Porém, esclareceu que “não temo o monopólio” sobre a revolução. “Nenhuma pessoa tem direito de falar em nome da revolução, nem mesmo nós”, disse à IPS o coordenador de imprensa do Movimento 6 de Abril, Injie Hamdi. “A revolta de 25 de janeiro pertence a todos”, acrescentou. A Coalizão surgiu quase em seguida ao início das mobilizações, mas vários movimentos adotaram o nome 25 de Janeiro após a queda de Mubarak.

Um grupo de destacados intelectuais, escritores, comunicadores e alguns jovens líderes anunciaram, no dia 16, a formação do Conselho de Líderes da Revolução de 25 de Janeiro, cuja missão é “fazer o acompanhamento dos êxitos”. Até alguns membros do partido governante subiram no trem revolucionário após a renúncia de Mubarak e anunciaram a intenção de criar o Partido 25 de Janeiro com jovens. Mas foram ridicularizados.

“Com a saída de Mubarak foi cortada a cabeça da corrupção, e seu corpo permanece intacto”, disse Injie. “Um corpo que consiste em figuras associadas ao regime, incluídos podres funcionários de segurança, empresários e outros que se beneficiam da imoralidade”, acrescentou. “Toda tentativa de regresso disfarçado do partido de Mubarak está destinado ao fracasso pela crescente conscientização política da população”, afirmou Amr al Shobki, analista do Centro Al Ahram de Estudos Políticos e Estratégicos.

No dia 2 deste mês, nono dia de protestos, foi criado o Conselho de Sábios para mediar manifestantes e regime. Estava integrado por intelectuais e empresários, como o ganhador do Nobel de Química, Ahmed Zeweil, e o multimilionário copto Naguib Sawiris.

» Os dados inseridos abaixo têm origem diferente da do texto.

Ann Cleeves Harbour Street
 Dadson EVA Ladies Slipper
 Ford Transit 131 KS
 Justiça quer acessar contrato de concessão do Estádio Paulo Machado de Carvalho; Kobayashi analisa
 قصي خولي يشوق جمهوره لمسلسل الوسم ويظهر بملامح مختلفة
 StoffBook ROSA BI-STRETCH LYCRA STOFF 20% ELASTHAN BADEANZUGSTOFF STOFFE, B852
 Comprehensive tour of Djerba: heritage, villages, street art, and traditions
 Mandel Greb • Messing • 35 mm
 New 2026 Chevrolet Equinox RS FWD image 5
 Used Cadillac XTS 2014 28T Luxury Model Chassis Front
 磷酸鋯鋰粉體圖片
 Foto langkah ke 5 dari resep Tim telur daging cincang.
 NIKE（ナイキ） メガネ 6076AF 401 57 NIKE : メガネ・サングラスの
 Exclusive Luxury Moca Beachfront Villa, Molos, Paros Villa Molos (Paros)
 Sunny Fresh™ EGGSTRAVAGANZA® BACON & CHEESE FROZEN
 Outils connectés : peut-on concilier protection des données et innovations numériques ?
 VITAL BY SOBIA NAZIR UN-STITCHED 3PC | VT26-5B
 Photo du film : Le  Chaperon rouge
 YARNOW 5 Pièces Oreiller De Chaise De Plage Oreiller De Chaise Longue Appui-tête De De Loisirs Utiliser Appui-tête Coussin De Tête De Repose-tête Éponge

Também foi rapidamente rejeitado pelos líderes dos protestos, muitos dos quais o viram como um estratagema para prolongar a vida do sistema. “Essa gente não nos representa, não se aproximaram para conversar”, disse à IPS o coordenador do Movimento 6 de Abril, Ahmed Maher. “Além disso, rechaçamos toda negociação prévia à renúncia incondicional de Mubarak”, acrescentou.

Os jovens líderes revolucionários também arremeteram contra os partidos de oposição “oficiais”, muitos dos quais no pior da revolta deram seu apoio ao regime. “Pediram com urgência que os manifestantes aceitassem as concessões do regime e suspendessem as manifestações. Quando Mubarak partiu deram uma guinada de 180 graus”’, afirmou Injie. A competição para ser a voz dos manifestantes “seguirá até haver eleições presidenciais e parlamentares. Depois, os eleitos terão autoridade para falar pelo povo”, disse Amr al Shobki.